Anak merupakan seseorang yang belum berusia 18 (delapan belas) tahun,
termasuk anak yang masih dalam kandungan yang selalu menjadi bagian dari
keluarga dan masyarakat. Hak seorang anak adalah memperoleh kasih sayang,
perlidungan serta pendidikan dari orang tua. Perceraian merupakan hal yang akan
menimbulkan kesengsaraan atau penderitaan secara psikis seorang anak yang akan
berdampak buruk bagi pertumbuhan dan perkembangannya, sehingga anak
merupakan pihak yang paling menderita dengan terjadinya perceraian orang tuanya.
Putusnya suatu perkawinan karena sebab kematian salah satu pihak, perceraian
ataupun atas putusan pengadilan akan menimbulkan suatu akibat hukum terhadap
harta perkawinan. Oleh karenanya perlu adanya penentuan kepemilikan harta selama
dalam hubungan perkawinan. Dalam hal perceraian dapat segera ditentukan mengenai
harta bawaan yang menjadi hak seorang isteri dan harta bawaan yang menjadi hak
suami, supaya mudah menentukan mengenai harta yang dapat dibagi yaitu mengenai
harta bersama (harta gono gini). Pada umumnya harta perkawinan itu cukup
digolongkan atas dua bagian yaitu sebagian berasal dari kekayaan suami dan isteri
masing-masing terpisah satu dari yang lain dan sebagian lagi merupakan cumpur kaya
yaitu harta bersama atau sering disebut harta gono-gini. Harta perkawinan merupakan
harta yang dikuasai suami isteri selama mereka
terikat dalam ikatan perkawinan baik harta yang berasal dari warisan, harta hibah,
harta penghasilan sendiri dan harta penghasilan bersama. Semua harta tersebut
dipengaruhi oleh sistem kekerabatan yang dianut, seperti sistem kekerabatan
patrilineal, matrilineal dan bilateral atau parental. Pada masyarakat adat yang
menganut sistem kekerabatan patrilineal dengan bentuk perkawinan pembayaran
jujur, kedudukan isteri harus tunduk pada aturan kekerabatan suami. Pada umumnya
semua harta perkawinan dikuasai oleh suami sebagai kepala rumah tangga/keluarga.
Apabila terjadi perceraian dan isteri meninggalkan tempat kedudukan suaminya,
berarti isteri melanggar adat, maka isteri tidak berhak menuntut bagian dari harta
bersama ataupun terhadap harta bawaannya. Sedangkan pada masyarakat yang
menganut sistem kekerabatan matrilineal yang bentuk perkawinannya semenda,
apabila terjadi perceraian maka yang berhak atas harta perkawinan adalah isteri dan
kerabat isteri, jika suami isteri bermata pencaharian berimbang maka dibagi bersama.

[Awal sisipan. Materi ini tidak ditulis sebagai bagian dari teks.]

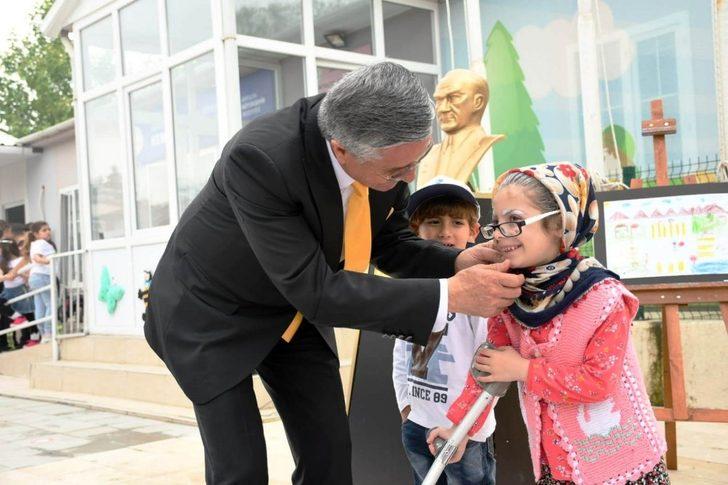 Anaokulu öğrencilerine trafik eğitimi G5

5. Maka sesuai Pasal 28 ayat 2 UU no 1 1974 bahwa putusan tidak surut bagi anak dan
harga.
6. Pasal 153 KHI masa iddah bagi seorang janda menurut Pasal 153 Ayat (2) KHI
adalah sebagai berikut: Apabila pernikahan putus karena perceraian, masa iddah bagi
janda yang masih haid ditetapkan tiga kali suci dengan sekurang-kurangnya 90 hari.
Dan bagi janda yang tidak haid ditetapkan 90 hari.